**Given material**.

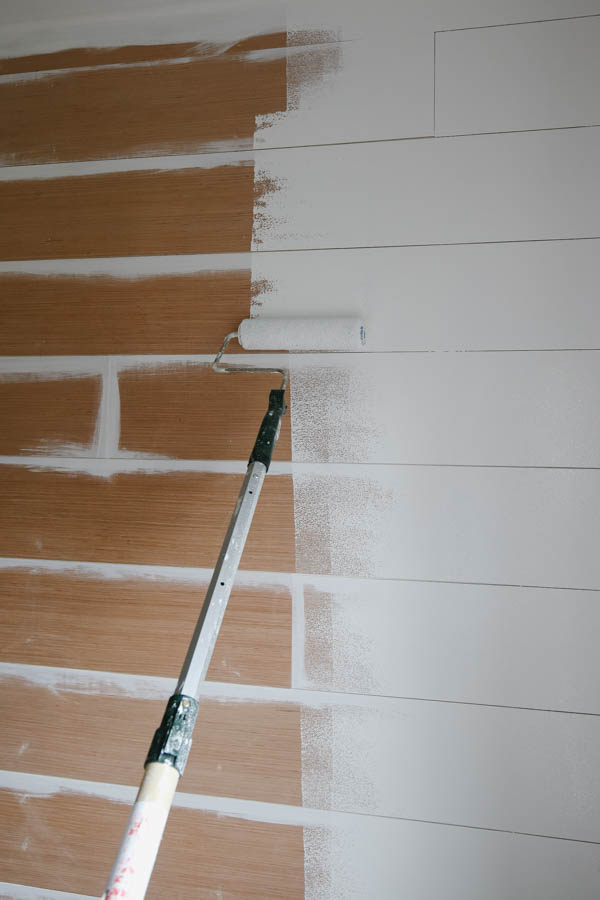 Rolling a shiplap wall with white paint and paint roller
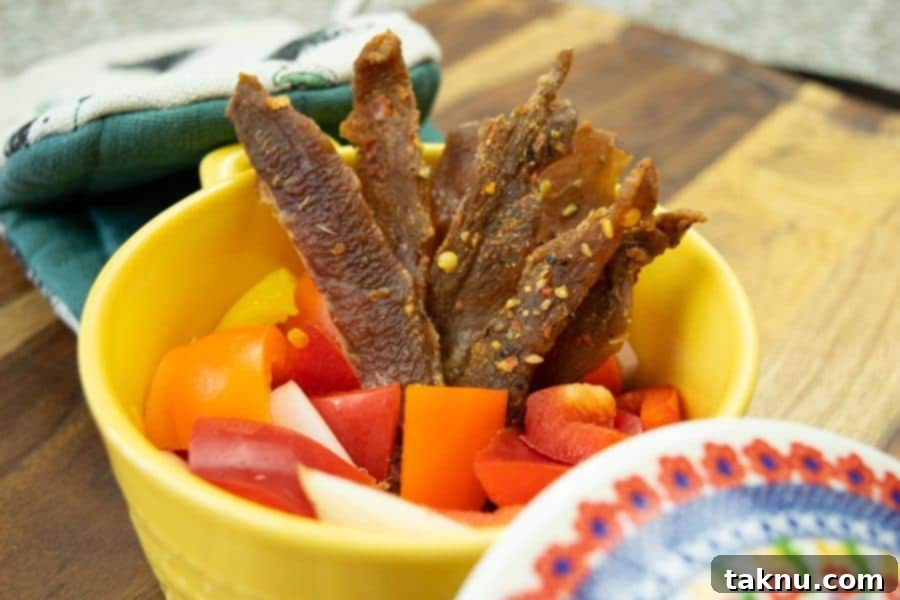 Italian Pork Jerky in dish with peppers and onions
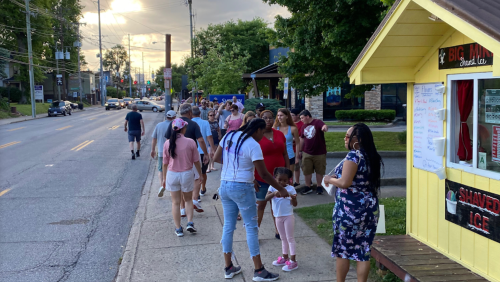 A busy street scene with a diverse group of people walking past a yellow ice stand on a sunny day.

**Work task**. Extract the full listing above verbatim; pictures are to be left out of the copy.

**Completed task**.
 Rolling a shiplap wall with white paint and paint roller
 Italian Pork Jerky in dish with peppers and onions
 A busy street scene with a diverse group of people walking past a yellow ice stand on a sunny day.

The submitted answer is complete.